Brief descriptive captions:

#####

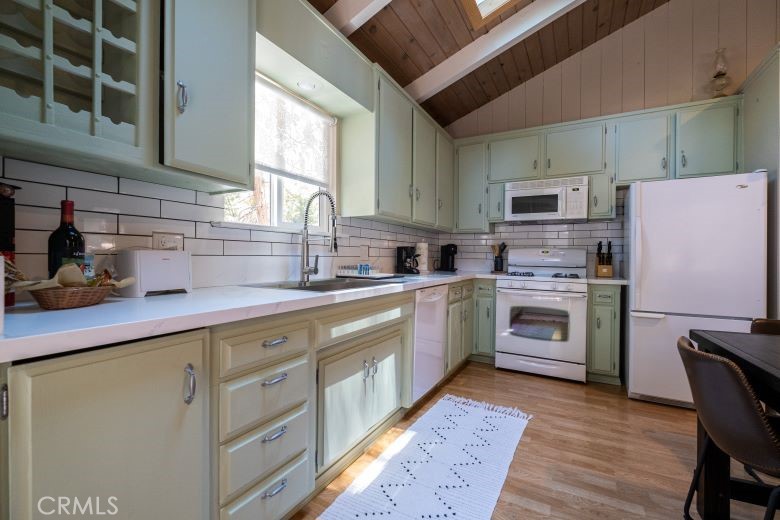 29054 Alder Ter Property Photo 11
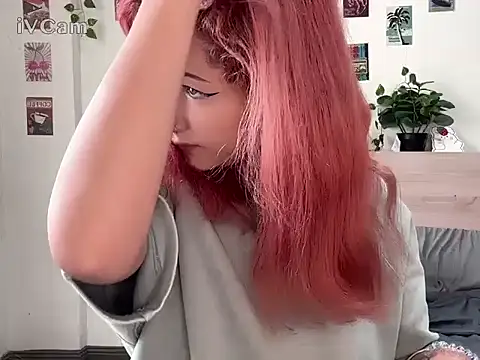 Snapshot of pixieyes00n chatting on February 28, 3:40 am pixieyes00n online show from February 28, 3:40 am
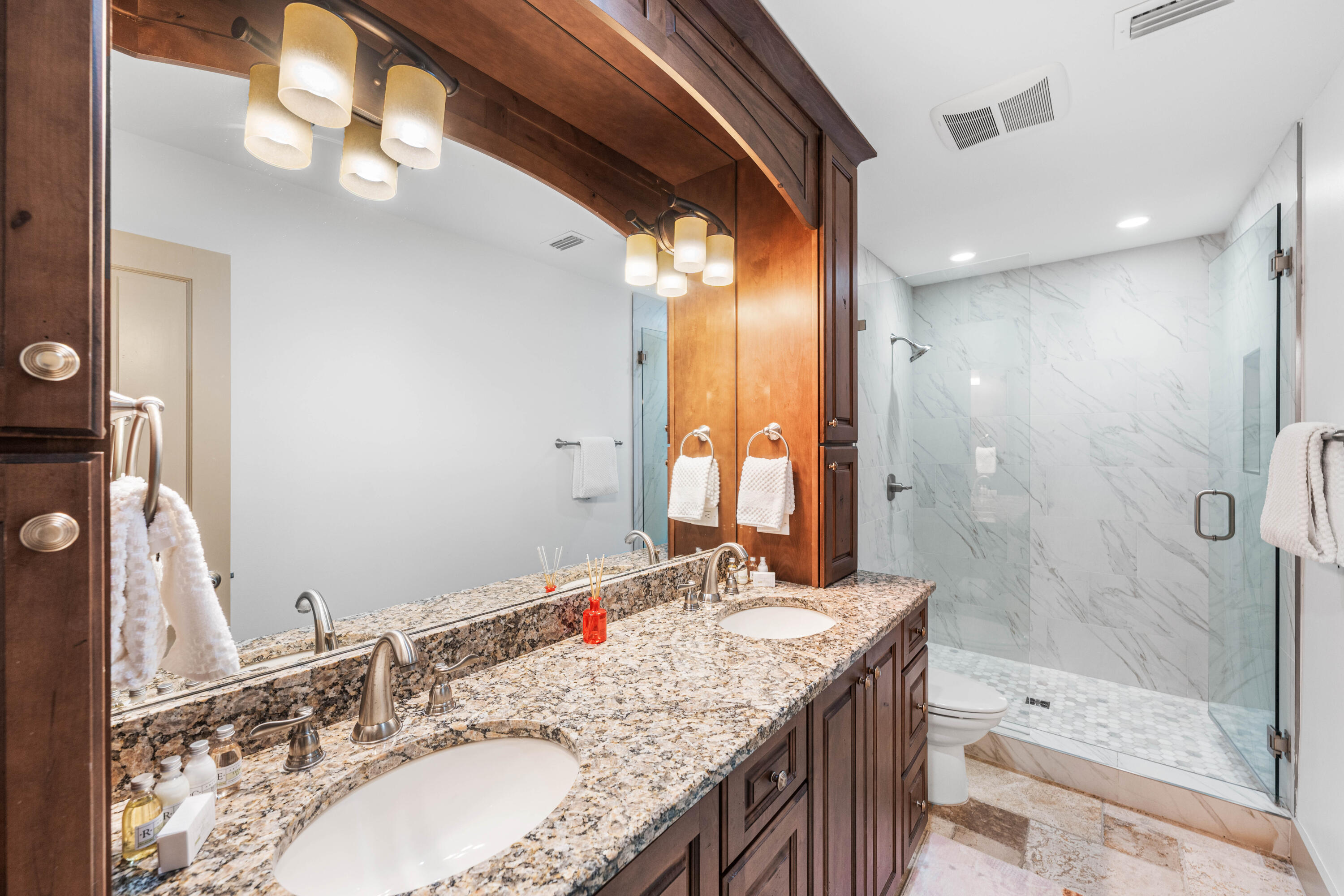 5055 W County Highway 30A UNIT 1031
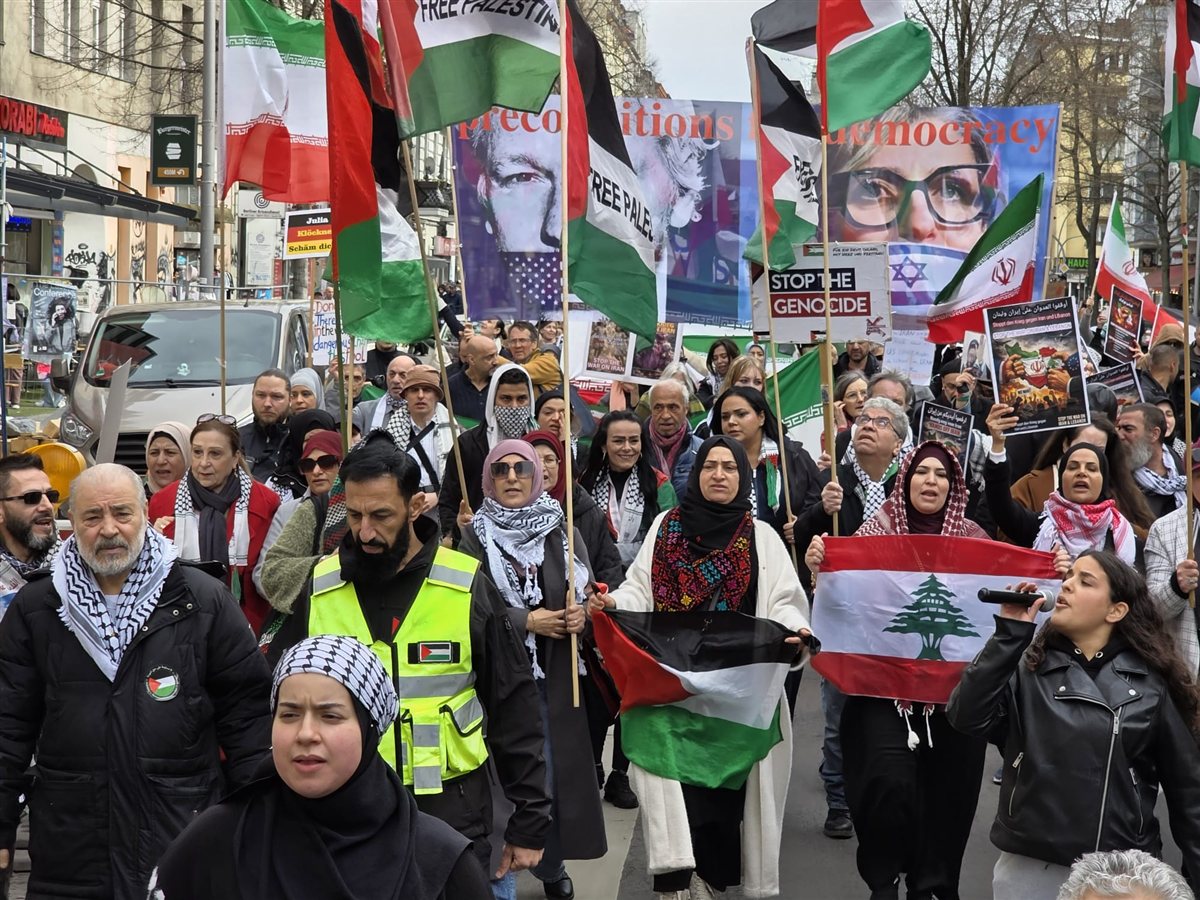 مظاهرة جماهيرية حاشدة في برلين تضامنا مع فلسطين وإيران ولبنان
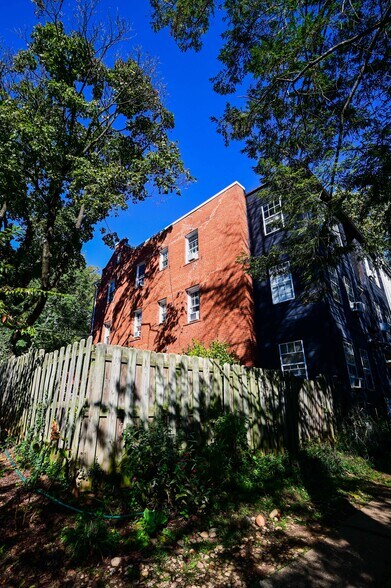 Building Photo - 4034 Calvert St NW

#####

Task to complete: Nothing but the lines from the line containing "Snapshot of pixieyes00n" through the end of the records belongs in the answer, written out exactly, both ends included, without pictures.

Solution:
 Snapshot of pixieyes00n chatting on February 28, 3:40 am pixieyes00n online show from February 28, 3:40 am
 5055 W County Highway 30A UNIT 1031
 مظاهرة جماهيرية حاشدة في برلين تضامنا مع فلسطين وإيران ولبنان
 Building Photo - 4034 Calvert St NW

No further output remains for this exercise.